Shall I keep driving?

Updated: Sep 10

Taking a risk in your career is akin to driving along a wide, empty highway - constantly worrying about having enough gas, if there's a rest stop up ahead, if you passed the gas station too hastily, and whether or not you should take the nearest exit and get off the highway once and for all.


I've been driving for 4 months now. I love this highway. Its peaceful. On some days, I'm able to cover great distances. Yet, lately I've started to worry.


My gas tank is still full, but I'm worried.


There are plenty of rest stops on the way, but every time I pass one, I'm worried it will be the last one I see.


Sometimes I see a sign which says there's an exit up ahead leading to the next town. I wonder if I should take it. Then I remember, that town isn't my destination. I'd just waste time there. The place I want to go is still far, far away.


In the end, all this is doing to me is making me anxious; making me wonder if I'll be stranded in a faraway place with no place to turn back to.


Today I woke up, and I suddenly couldn't drive. Yes, there are days like that too. Just because I love the highway, doesn't mean I feel like driving on it all the time. Whenever that happens, I start thinking more and more about the next town. I think about having neighbours, making new friends, getting a house and not sleeping in the car anymore.

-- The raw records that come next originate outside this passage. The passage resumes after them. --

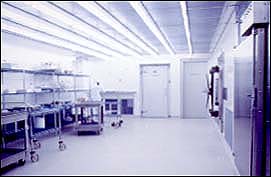 Pharmaceutical & Medical Device Industries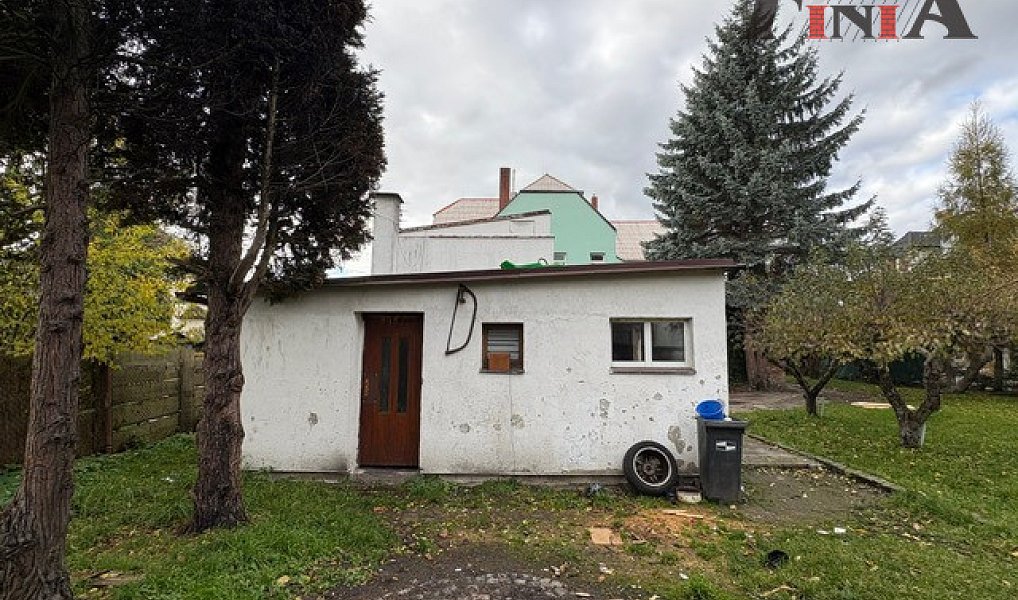 Prodej domu 210 m² s pozemkem 550 m², Česká Lípa – náhled fotky 2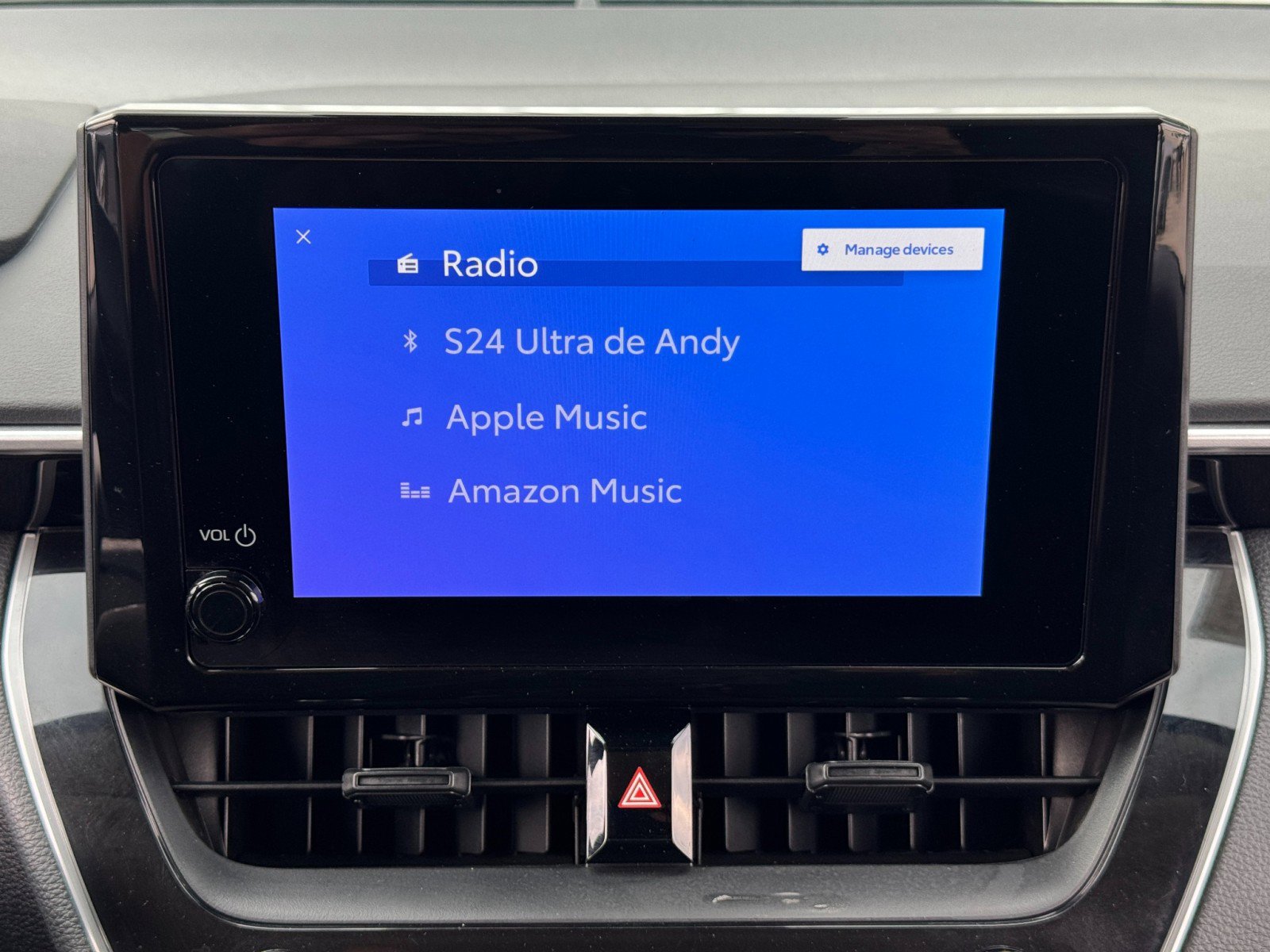 Used 2024 Toyota Corolla LE image 23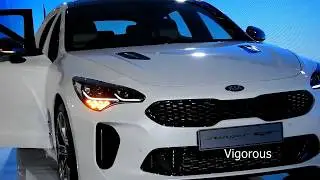 Auto Expo 2018 Noida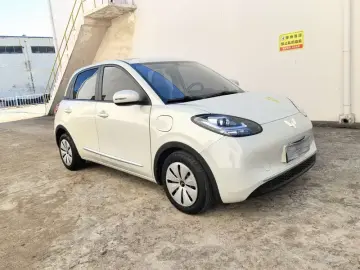 2023 Wuling Binguo с пробегом 40 000 км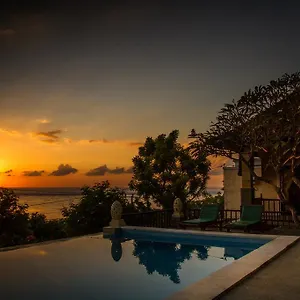 Beten Waru And Restaurant Holiday park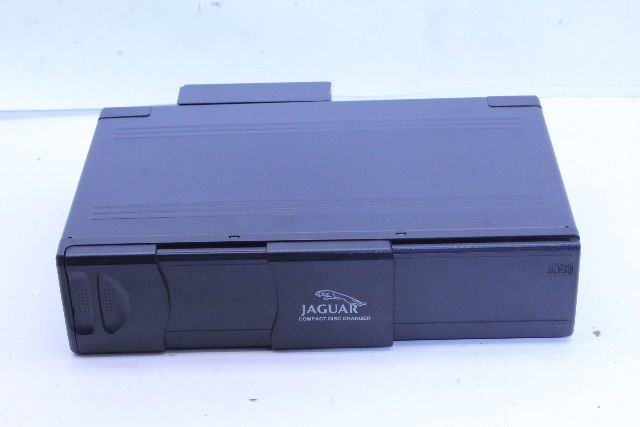 Jaguar S Type X Type XJ8 XJR CD Changer OEM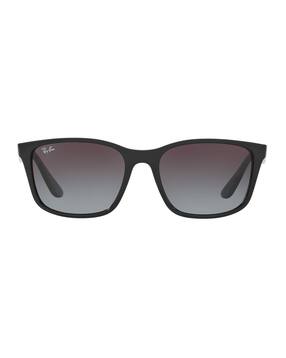 ray-ban 0RB4269I Gradient Lens Full-Rim Square Sunglasses-picture-35
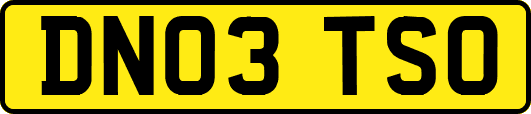 DN03TSO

I think about having new things to tell people when they ask me how I'm doing. Now, all I can say is "I've been driving on the highway."


The worst part is, I've been dreaming of getting in the car and driving on this highway for a long time. Now that I'm finally doing it, I'm having a hard time enjoying myself because I'm too busy worrying about not being able to reach my destination.


Its exactly like a tweet I read on the internet that said, "I feel like I'm constantly worrying about the next part of my life without realizing that I'm right in the middle of what I used to look forward to."


When I was living in one of those towns, I hated it. But, at least I had a place to live. That's what I can't help telling myself on days like these. When you can't drive the car, it turns into a stifling metal box. It makes you miss having a house.


I hate admitting this - that the temptation keeps nagging at me. Because it makes me look weak. When I talk to people about it, they make me feel like I have no resolve or that I'm not sure of what I want.


But it's not true. You can want something with all your heart and mind, and still carry doubts about the risks it entails. Driving on a highway with your eyes closed, not even looking at the rest stops or the gas stations, is much more foolish. If you do that, you're very likely to crash.


I'm not going to crash. I'm not even running out of gas, yet. Shall I keep driving? I think I should. Because this is my only chance, and I'd rather be marooned, on my own, at the end of the world, than turn back mid-way out of fear.